François Doyon La Rochelle : Oui et l'année 2023 n'est pas l'exception en matière de mauvaises prévisions. L'article fournit un graphique montrant les estimations médianes des stratèges pour le S&P500 par rapport aux rendements réels depuis 2018 et vous pouvez clairement voir qu'il y a une très grande différence entre les estimations médianes et les rendements réels. J'ai calculé que la différence moyenne sur les six années de 2018 à 2023 était très importante à 17,8 points de pourcentage.

James Parkyn : Eh bien François, si on essaye de gérer son portefeuille en écoutant les conseils des stratèges du marché qui font des prévisions, bonne chance !

Dans notre dernier podcast, on a parlé des « Magnificent Seven », les Sept Magnifiques, dans notre analyse du marché en 2023. Il est intéressant de noter que Larry Swedroe a un point de vue différent sur ces titres.

Ça nous amène à sa leçon n°2 : les Sept Magnifiques devraient peut-être s'appeler les Trois Magnifiques.

Fondamentalement, il reconnaît que les Sept Magnifiques ont enregistré d'énormes rendements en 2023, mais il souligne que trois d'entre eux (Tesla, Google et Amazon) ont terminé l'année en dessous de leurs cours de clôture de 2021. Seules trois d'entre eux (Apple, Microsoft et NVIDIA) ont réussi à battre le rendement des bons du Trésor à un mois, un actif sans risque, qui ont rapporté 3,2 % au cours de la même période.

François Doyon La Rochelle : C'est un bon point qu'il apporte, on peut regarder et analyser les performances du marché de différentes façons. On peut facilement affirmer que l'indice S&P500 a eu un superbe rendement en 2023, mais en même temps on peut aussi dire qu'il n'a fourni aucun rendement entre le 31 décembre 2021 et 31 décembre 2023, à l'exception des dividendes, puisqu'il a clôturé à peu près au même niveau les deux années. 

Ceci nous amène à la leçon n° 3 : les valorisations ne peuvent pas être utilisées pour anticiper les marchés, pour faire du market timing.

James Parkyn : Il s'agit d'une leçon classique. Les valorisations des actions américaines se situaient à des niveaux historiquement très élevés au début de l'année 2023, en particulier pour les titres de croissance. Si vous étiez resté sur les côtés, en encaisse, à cause de cette surévaluation, vous auriez manqué des gains extraordinaires. Ce n'est pas nouveau : il y a près de 20 ans, en décembre 1996, Alan Greenspan, l'ancien président de la Fed, avait utilisé les termes « Irrational Exuberance » ou en français exubérance irrationnelle pour mettre en garde les investisseurs contre les valorisations élevées des actions.

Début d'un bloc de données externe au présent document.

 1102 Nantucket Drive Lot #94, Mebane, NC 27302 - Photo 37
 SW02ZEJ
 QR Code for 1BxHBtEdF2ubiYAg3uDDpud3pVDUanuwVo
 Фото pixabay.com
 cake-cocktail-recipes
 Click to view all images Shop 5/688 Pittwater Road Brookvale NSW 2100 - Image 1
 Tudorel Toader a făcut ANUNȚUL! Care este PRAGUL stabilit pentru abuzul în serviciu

Bien que les valorisations des actions aient été élevées au moment de son discours, les prix des actions ont continué à augmenter pendant encore quatre ans. Durant cette période, l'indice S&P500 a plus que doublé.

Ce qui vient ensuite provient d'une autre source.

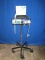 RESPIRONICS BiPap S/T-O Ventilator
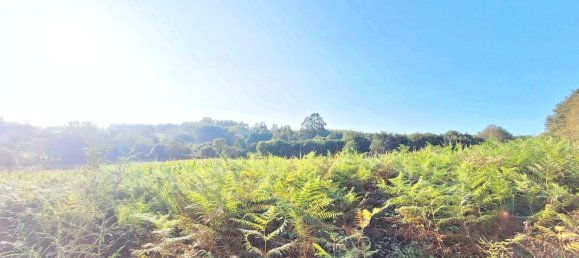  Land in A Coruna, Spain No. 48532 18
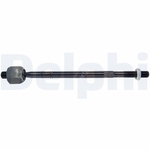 Delphi Inner Tie Rod (TA2372) Front Axle
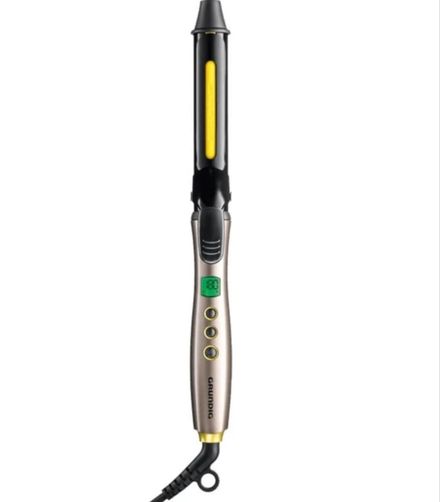GRUNDIG HS 6430 SAÇ MAŞASI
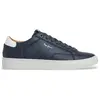 Pepe Jeans Baskets Joe Basic
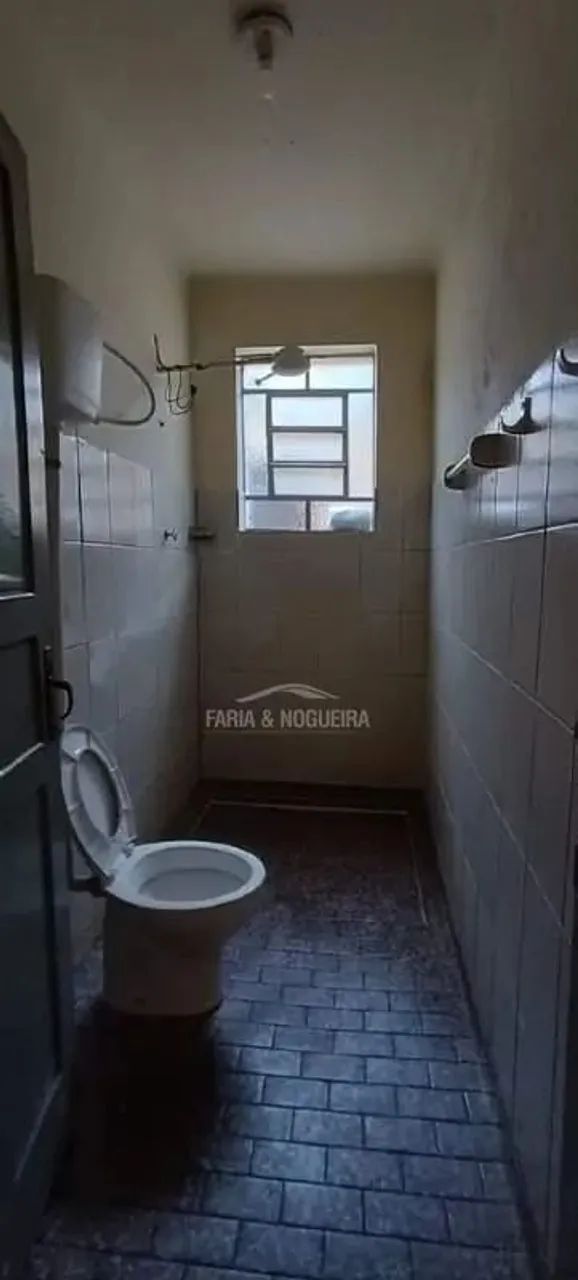 Prédio para aluguel, 18 quartos, 6 suítes, Centro - Charqueada/SP - Foto 5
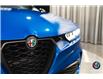 2024 Alfa Romeo Tonale Veloce (Stk: ARE0272) in Edmonton - Image 11 of 29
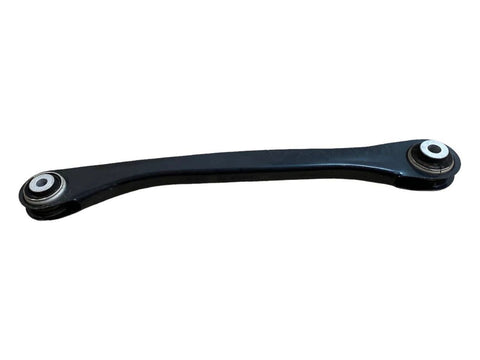 BMW 8 SERIES Rear control arm OEM 33326861125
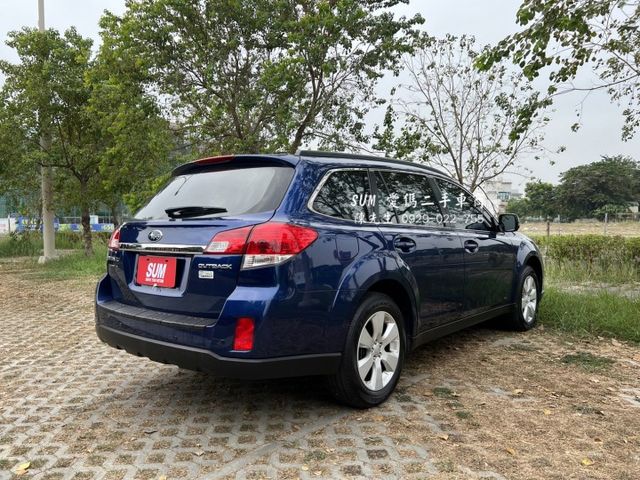 賞車前請先電話或LINE連絡預約!優惠賞車專線  第3張相片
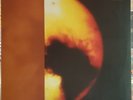 Loop   A Gilded Eternity 2 Vinyl Lps + 1 7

François Doyon La Rochelle : En effet il ne faut pas transiger activement sur la base des évaluations des actions, mais c’est quand même une information pertinente mais ça dépend comment on l’utilise. Chez PWL, notre équipe de recherche utilise les évaluations boursières pour estimer les rendements futurs attendus mais sur le long terme.

James Parkyn : Leçon n° 4 : Il faut de la discipline pour maintenir le cap pendant les périodes de faible performance, comme c'est le cas pour tous les actifs à risque.

François Doyon La Rochelle : Je pense que nos auditeurs réguliers savent maintenant que ça fait partie de notre mantra. Pour bénéficier des avantages d'investir en actions, vous devez faire preuve de discipline et maintenir le cap autant durant les bonnes périodes que dans les périodes plus difficiles.

La prochaine leçon que Larry partage avec nous est la leçon n° 5 : les actifs peu performants ont des mécanismes d'auto-guérison.

James Parkyn : C’est une leçon très importante. Il explique que lorsque les cours des actions baissent, les investisseurs ont le réflexe de vendre ou d'éviter d'acheter. Cependant, il nous rappelle que lorsque les prix des actions baissent, les rendements espérés futurs sont maintenant plus élevés. Il poursuit en citant Warren Buffett et je cite : "Soyez craintifs lorsque les autres sont avides et soyez avides lorsque les autres sont craintifs". C'est facile à dire mais pas facile à faire.

François Doyon La Rochelle : Leçon n° 6 : même avec une boule de cristal, les marchés sont imprévisibles.

Le point qu'il soulève ici est intéressant. Si vous aviez eu une boule de cristal au début de l'année 2023 pour voir les principaux événements géopolitiques et économiques qui allaient se produire au cours de l'année, je pense que la plupart des investisseurs auraient liquidé leurs portefeuilles étant donné toutes les nouvelles négatives.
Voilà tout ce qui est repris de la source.